In Black v. Elkhorn Mining Company, 163 U.S. 445, summing up as to the character of the right which is granted by the United States to a mining locator, after observing that no written instrument is necessary to create the right, and that it may be forfeited by the failure of the locator to do the necessary amount of work, it was said (p. 450):
"(3) His interest in the claim may also be forfeited by his abandonment, with an intention to renounce his right of possession. It cannot be doubted that an actual abandonment of possession by a locator of a mining claim, such as would work an abandonment of any other easement, would terminate all the right of possession which the locator then had.
*148 "An easement in real estate may be abandoned without any writing to that effect, and by any act evincing an intention to give up and renounce the same. Snell v. Levitt, 110 N.Y. 595, and cases cited at p. 603 of the opinion of Earl, J.; White v. Manhattan Railway Co., 139 N.Y. 19. If the locator remained in possession and failed to do the work provided for by statute, his interest would terminate, and it appears to be equally plain that if he actually abandoned the possession, giving up all claim to it, and left the land, that all the right provided by the statute would terminate under such circumstances. . . ."

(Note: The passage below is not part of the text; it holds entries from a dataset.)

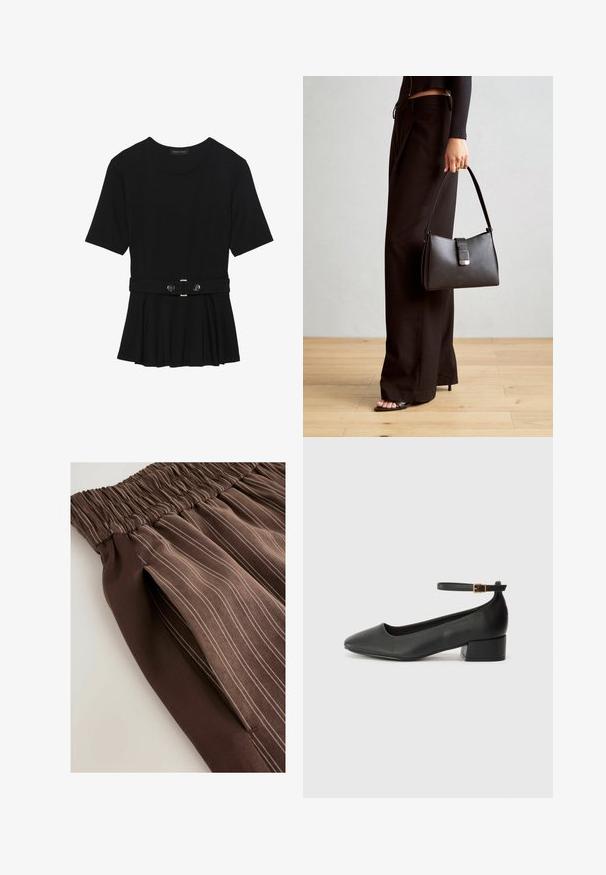 Schwarzes Kurzarmoberteil aus glattem Material, mit einem Peplum-Design und einem taillierten Bund, der mit zwei runden, silberfarbenen Knöpfen ausgestattet ist.; Brauner, plissierter Rock mit einem elastischen Bund, der vertikale Streifen in helleren Farbtönen aufweist. Glatte Textur, der Stoff fällt weich.; Schwarze Lederpumps mit spitzem Zehenbereich und niedrigem Blockabsatz. Mit einem Knöchelriemen und einer goldfarbenen Schnalle. Glatte Textur.; Schwarze Handtasche mit strukturierter Form, glatter Textur und einem metallischen Verschluss. Kombiniert mit weiten schwarzen Hosen und offenen Sandalen auf einem Holzboden.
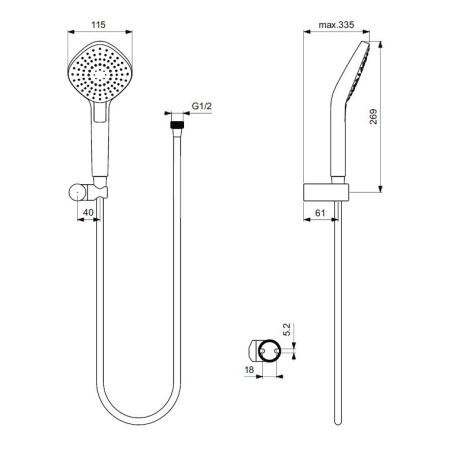 Душевой гарнитур Ideal Standard Ideal Rain Evo Diamond L3 B2240AA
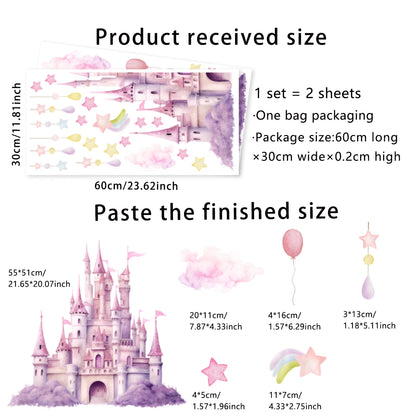 2sheet/set Pink Castle Wall Decals,  Clouds Stars Wall Stickers, Balloon Wall Decor for Kids Girls Bedroom Nursery Home.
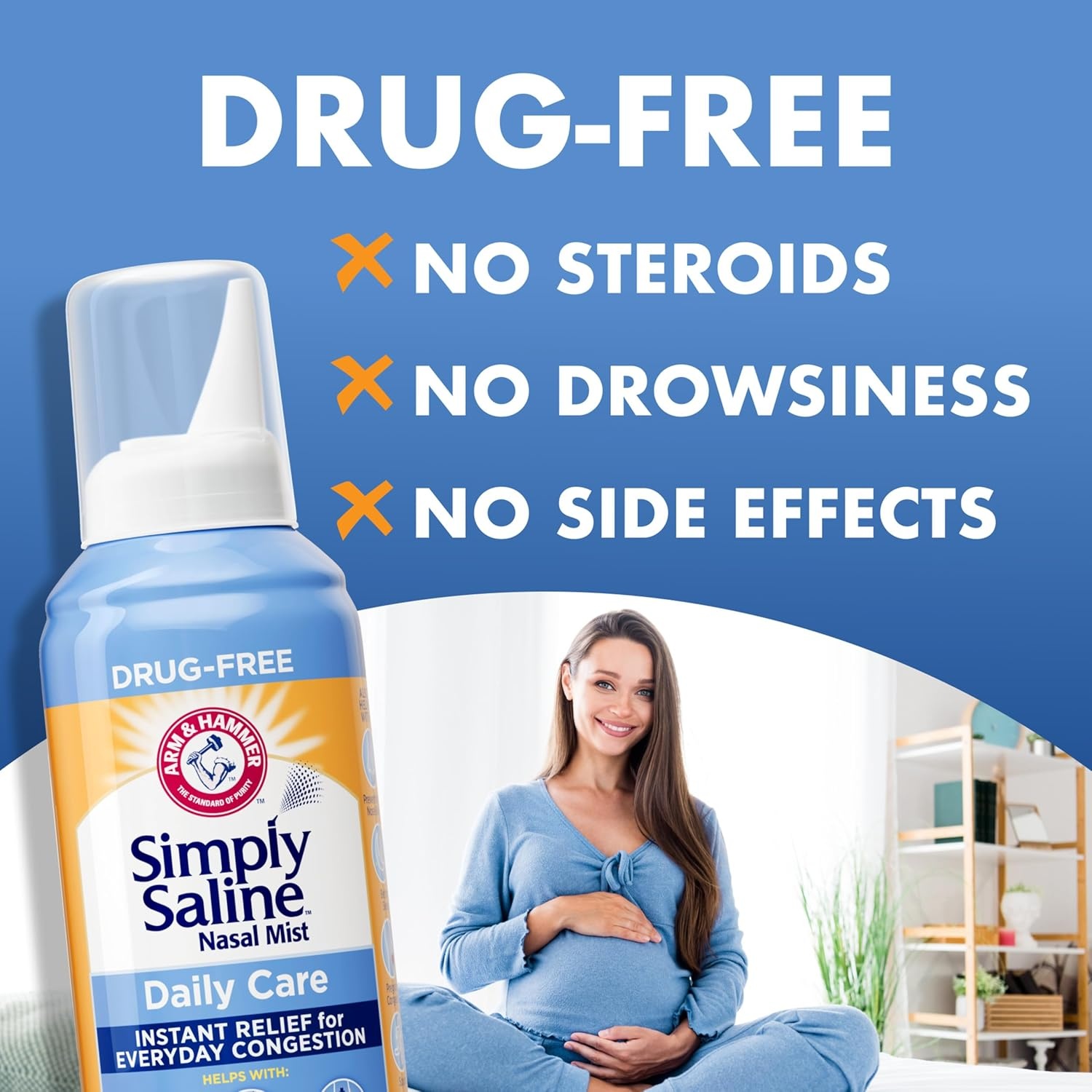 image:imageArm amp Hammer Simply Saline Daily Care Nasal Mist 44oz Saline Nasal Spray DrugFree 2Pack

It remains only to test the correctness of the conclusions of the court below in the light of the principles just announced. Now, it was found by the trial court that the evidence offered tended to show that the South Mountain lode claim was located in August, 1900, and that no work was ever done on said claim, and that it became forfeited for want of the annual labor required by the statute on December 31, 1901. Farrell made his location in August, 1901, a year after the South Mountain was located and five months before the expiration of the period when a statutory forfeiture of the South Mountain would have resulted. The offer of proof, therefore, made by the administrator of Rhodin, to show that the South Mountain was a valid and subsisting location when Farrell made the location of the Cliff, tended to show that during the year that had intervened between the location of the South Mountain and the location by Farrell of the Cliff no work of any character whatever was done by the locators of the South Mountain, and that this was also true from the time the Cliff was located to the expiration of the period when a statutory forfeiture would have been occasioned. As all rights of the locators of the South Mountain were, in any aspect, at an end by their failure to adverse, and as the Cliff was prior in time to the Divide, and therefore the burden of proof was on the Divide to establish that the Cliff location was not a valid one, we think that the burden would not have been sustained by the proof offered. To the contrary, we are of opinion that *149 the proof which was so offered on behalf of the Divide tended, when unexplained, to show that the location of the South Mountain was not made in good faith, and that the claim had actually been abandoned when Farrell made his location. The Supreme Court of Utah should therefore have remanded the cause, so that it might be determined whether or not the South Mountain had been abandoned by the locators of that claim when Farrell made his location; and error was therefore committed in entering judgment in favor of Lockhart, the administrator of Rhodin, decreeing to him possession of the ground in controversy.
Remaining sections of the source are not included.